Introduction

ROCKET: Exceptionally fast and accurate time series classification using random convolutional kernels is a research paper published in October 2019 by Angus Dempster, François Petitjean, Geoffrey I. Webb. The paper presents a unique methodology to transform time series data using convolutional kernels to improve classification accuracy. This paper is unique in learning from the recent success of convolutional neural networks and transferring it on time-series datasets.

The link to download the paper from arxiv - Paper

Time Series data

Time series data is defined as a set of data points containing details about different points in time. Generally, time-series data contains data points sampled/observed at an equal interval of time. Time series classification is task of identifying patterns and signals in the data in relation to respective classes.

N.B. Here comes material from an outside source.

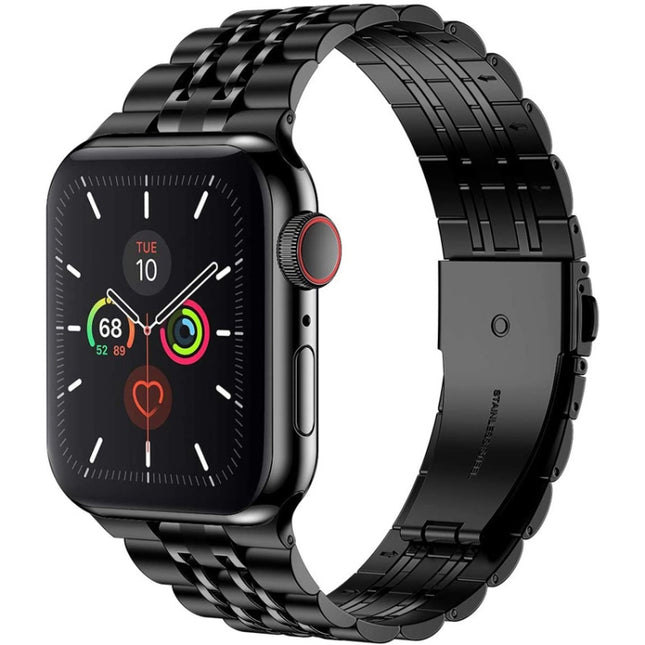 Seven-bead Ultra-thin Stainless Steel Watch Band For Apple Watch Series, 7 45mm / 6&SE&5&4 44mm / 3&2&1 42mm, 7 41mm / 6&SE&5&4 40mm / 3&2&1 38mm - DealBuddy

The proposal is features generated by the convolution of randomly generated kernels on time series data results in faster and better time series classifiers. We will go into more detail of this proposal and understand how the methodology proposed by them helps to improve the accuracy.

Kernels

Kernels in simple terms is a small matrix used to modify the images. Let's try to understand kernels using an example:

here is a 3 x 3 kernel used to sharpen images:

$\begin{bmatrix} 0 & -1 & 0 \\ -1 & 5 & -1 \\ 0 & -1 & 0 \end{bmatrix}$

To sharpen an image using the above kernel, we need to perform a dot product of each pixel in the image with the kernel matrix. The resulting image would then be a sharpened version of the original image. Observe the gif below to see a live version of the kernel dot product in motion.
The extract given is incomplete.